Extracted information below:

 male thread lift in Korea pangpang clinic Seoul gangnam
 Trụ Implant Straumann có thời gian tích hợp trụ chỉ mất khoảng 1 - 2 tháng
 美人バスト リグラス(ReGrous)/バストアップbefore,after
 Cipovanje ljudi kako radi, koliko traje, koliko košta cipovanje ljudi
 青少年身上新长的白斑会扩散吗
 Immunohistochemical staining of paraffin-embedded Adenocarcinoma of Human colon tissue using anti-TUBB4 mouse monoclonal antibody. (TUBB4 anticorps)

End of Extracted information.
Extracted information below:

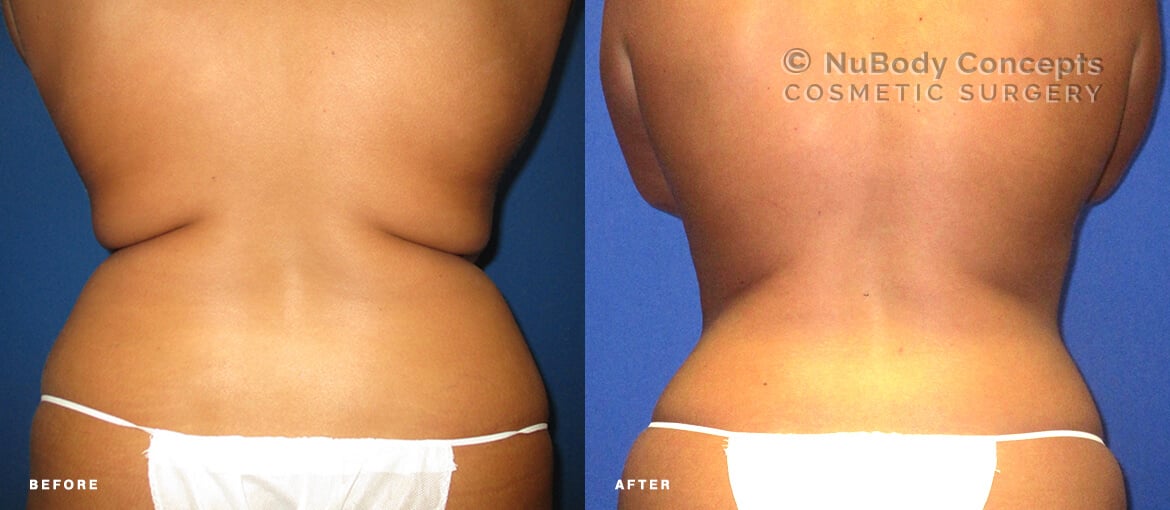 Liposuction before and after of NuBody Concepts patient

End of Extracted information.

Problem details: Set down, exactly as they appear above, all lines from the one that has "美人バスト リグラス(ReGrous)/バストアップbefore,after" down to the one that has "Immunohistochemical staining of", including those two and no others.

Response:
 美人バスト リグラス(ReGrous)/バストアップbefore,after
 Cipovanje ljudi kako radi, koliko traje, koliko košta cipovanje ljudi
 青少年身上新长的白斑会扩散吗
 Immunohistochemical staining of paraffin-embedded Adenocarcinoma of Human colon tissue using anti-TUBB4 mouse monoclonal antibody. (TUBB4 anticorps)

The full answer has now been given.